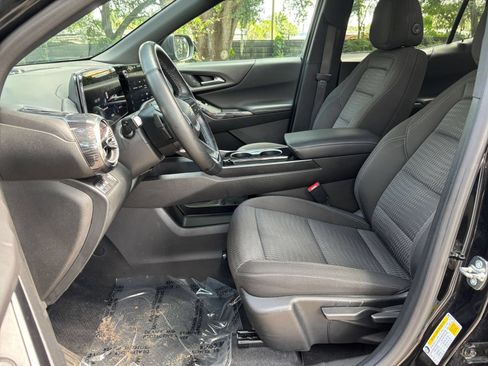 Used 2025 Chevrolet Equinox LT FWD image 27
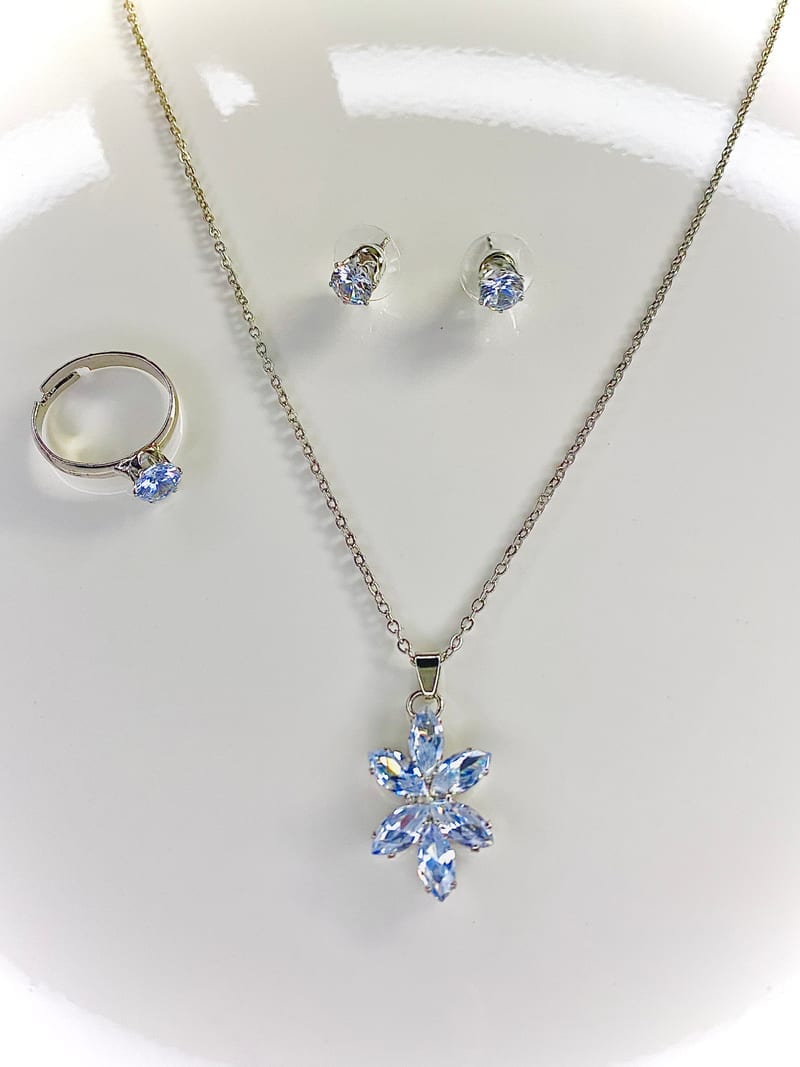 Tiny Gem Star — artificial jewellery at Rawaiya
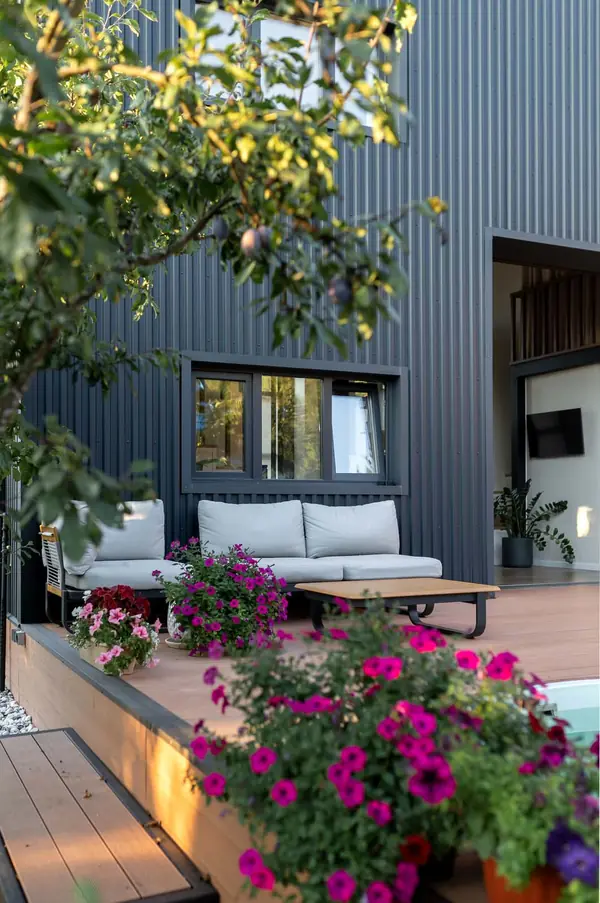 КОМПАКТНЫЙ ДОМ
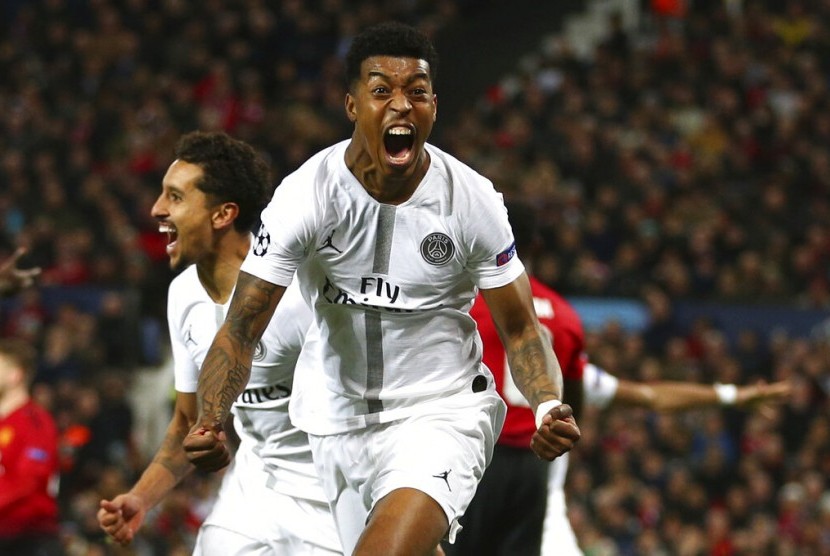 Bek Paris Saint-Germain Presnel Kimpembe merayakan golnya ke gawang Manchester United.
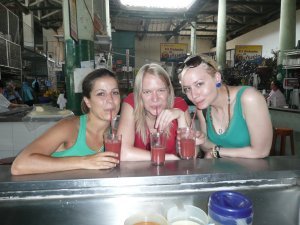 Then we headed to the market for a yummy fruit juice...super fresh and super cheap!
---
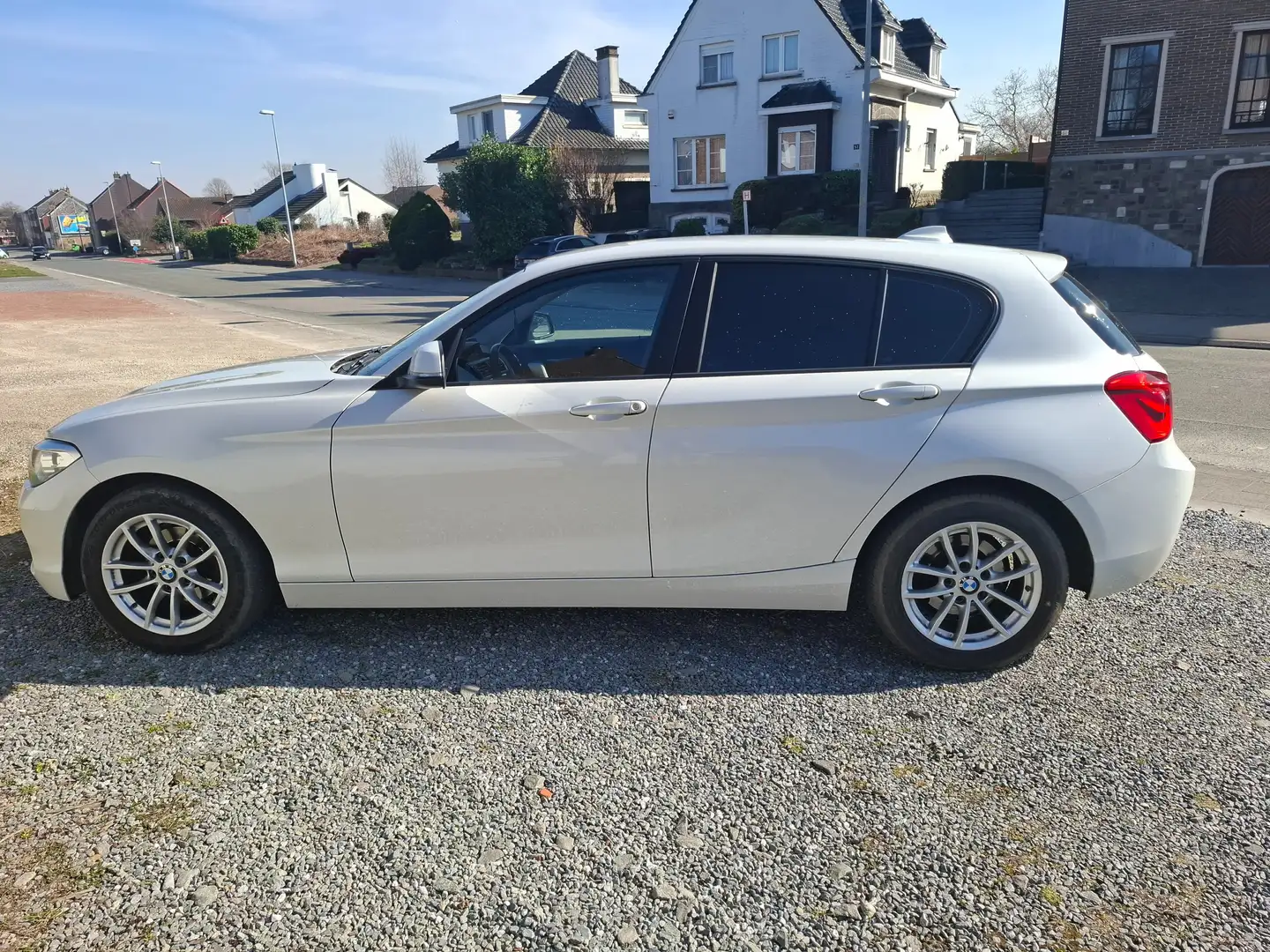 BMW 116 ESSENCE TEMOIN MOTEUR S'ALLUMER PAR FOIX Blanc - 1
==
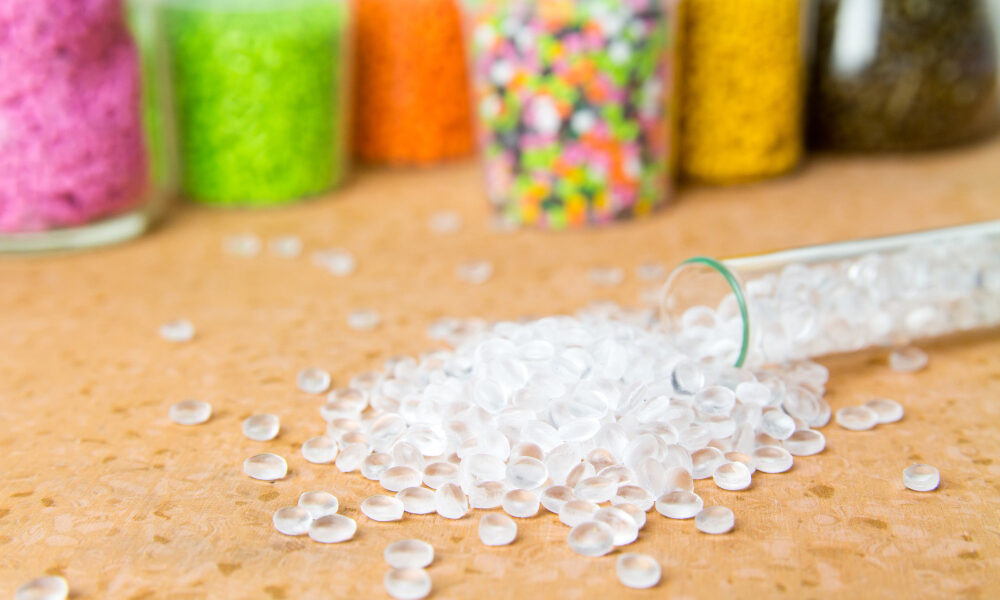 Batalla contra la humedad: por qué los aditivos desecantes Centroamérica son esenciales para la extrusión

◆ **Task details**
Leaving every picture aside, reproduce exactly the lines above from the one with "КОМПАКТНЫЙ ДОМ" up to and including the one with "Then we headed", and no others.

◆ **Solution to the exercise**
 КОМПАКТНЫЙ ДОМ
 Bek Paris Saint-Germain Presnel Kimpembe merayakan golnya ke gawang Manchester United.
 Then we headed to the market for a yummy fruit juice...super fresh and super cheap!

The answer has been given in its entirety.